» **Work order**:
Search the entries for the word "Chevrolet". Copy each line in which it is found.

>>>

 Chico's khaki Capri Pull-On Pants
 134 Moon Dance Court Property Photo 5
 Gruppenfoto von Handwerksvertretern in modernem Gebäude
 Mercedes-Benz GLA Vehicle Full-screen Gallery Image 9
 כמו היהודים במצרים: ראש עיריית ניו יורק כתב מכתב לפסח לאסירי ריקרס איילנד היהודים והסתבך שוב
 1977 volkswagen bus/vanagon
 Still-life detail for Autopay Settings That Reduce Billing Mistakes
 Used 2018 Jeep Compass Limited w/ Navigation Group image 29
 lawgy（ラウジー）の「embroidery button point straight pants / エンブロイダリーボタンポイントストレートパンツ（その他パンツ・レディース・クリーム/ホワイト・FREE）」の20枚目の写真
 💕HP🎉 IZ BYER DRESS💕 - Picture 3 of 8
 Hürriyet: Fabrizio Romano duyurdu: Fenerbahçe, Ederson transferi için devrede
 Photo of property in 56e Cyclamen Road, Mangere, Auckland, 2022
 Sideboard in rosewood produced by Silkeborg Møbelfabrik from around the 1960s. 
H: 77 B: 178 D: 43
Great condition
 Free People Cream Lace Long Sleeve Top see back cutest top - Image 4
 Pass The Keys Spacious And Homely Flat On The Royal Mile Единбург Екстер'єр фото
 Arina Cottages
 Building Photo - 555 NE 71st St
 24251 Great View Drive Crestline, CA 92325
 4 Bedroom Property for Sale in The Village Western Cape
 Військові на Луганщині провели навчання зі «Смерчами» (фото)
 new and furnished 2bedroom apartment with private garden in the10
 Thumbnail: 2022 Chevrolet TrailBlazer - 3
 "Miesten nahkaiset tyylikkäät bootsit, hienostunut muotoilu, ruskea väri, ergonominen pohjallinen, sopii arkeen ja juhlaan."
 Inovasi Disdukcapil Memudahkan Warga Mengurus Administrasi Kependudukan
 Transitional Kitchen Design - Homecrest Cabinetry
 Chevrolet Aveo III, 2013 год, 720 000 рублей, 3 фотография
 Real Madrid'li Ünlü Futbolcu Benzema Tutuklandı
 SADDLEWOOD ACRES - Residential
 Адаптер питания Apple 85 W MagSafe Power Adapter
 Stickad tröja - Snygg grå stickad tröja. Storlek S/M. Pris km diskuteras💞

<<<

» **Written reply**:
 Thumbnail: 2022 Chevrolet TrailBlazer - 3
 Chevrolet Aveo III, 2013 год, 720 000 рублей, 3 фотография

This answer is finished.